Comme un magnifique labyrinthe, combien de chemins empruntés ont laissé libres la voie à d’autres pensées à revoir, à réfléchir de nouveau. Ces pistes sont à l’image de la voyageuse que je suis.
Chaque pas me donne un tout autre point de vue. Le rapport que j’établis constamment entre l’homme et la nature est le fil d’Ariane de cette histoire tissée, fuselée et qui semble composer une immense toile, et pourquoi pas une immense toile d’araignée ! La toile d’araignée est l’image de cette marche labyrinthique, de cette recherche du sentier qui me mène vers un lieu de création. Le labyrinthe, écrit W. Benjamin, est la patrie de celui qui hésite. Tout artiste doit trouver son “Holzweg”. Les “Holzwege” désignent les chemins (“Wege”) qui s’enfoncent en forêt (“Holz”), afin que l’on puisse en ramener le bois coupé (“Holz”). Ces chemins qui ne mènent nulle part sont aussi, métaphoriquement, des chemins peu sûrs, exposés à tous les périls, à tous les risques de l’errance et de l’erreur : selon Wolfgang Brokmeier, le traducteur d’Heidegger, ils sillonnent “la forêt, le Holz, la Hylé, la sylve de l’être, c’est-à-dire de la vérité en son retrait toujours renouvelé”. Citation de Fabrice Trepoz. L’artiste rebelle. Lyon.
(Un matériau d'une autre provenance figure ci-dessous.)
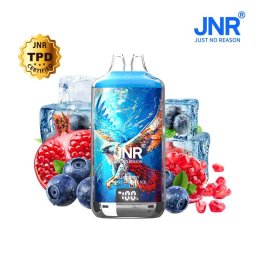 JNR Falcon 28000 Puff Rechargeable Blueberry Pomegranate Ice 2% Nicotine (100% légale)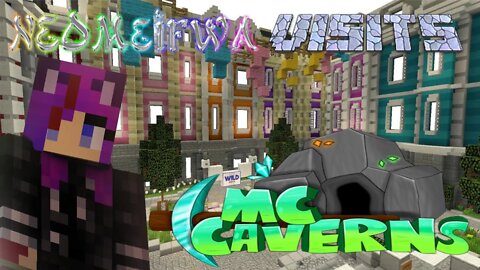 NEOMeifwa Visits: McCaverns Network Server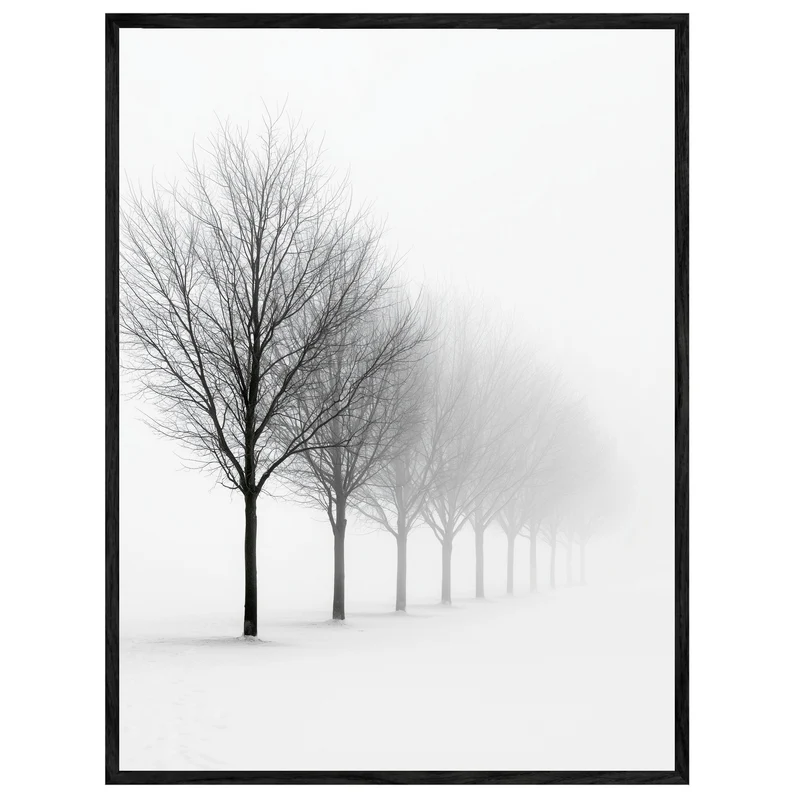 Baumreihe im Winternebel Leinwand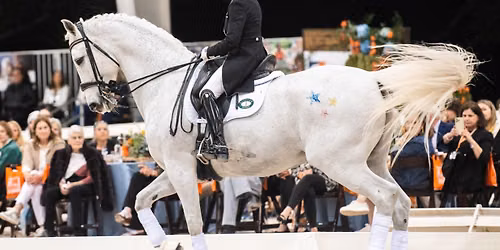 Brooke USA's Divertimentos & Dressage: An Evening of Horses & Symphony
En consultant le livre tibétain de la vie et de la mort de Sogyal Rinpoché, j’ai l’impression de saisir un peu mieux l’expression du lien ‘’ primaire’’ entre l’homme et la nature que je tente d’évoquer.

Si tout est impermanent, alors tout est ‘’ vide’’, c’est-à-dire sans existence intrinsèque, stable ou durable. Et toutes choses, comprises dans leur véritable relation, sont vues non comme indépendantes mais comme interdépendantes. Le Bouddha comparait l’univers à un immense filet tissé d’une infinie variété de diamants étincelants. Chaque diamant, comportant un nombre incalculable de facettes, réfléchit tous les autres diamants du filet et ne fait qu’un avec chacun d’entre eux. (…) Pensez à un arbre (…) si vous le contemplez, vous constaterez qu’il se dissout en un réseau extrêmement subtil de relations s’étendant à l’univers entier : la pluie qui tombe sur ses feuilles, le vent qui l’agite, le sol qui le nourrit et le fait vivre, les saisons et le temps, la lumière de la lune, des étoiles et du soleil – tout cela fait partie de l’arbre. (…) à chaque instant, sa nature se modifie imperceptiblement.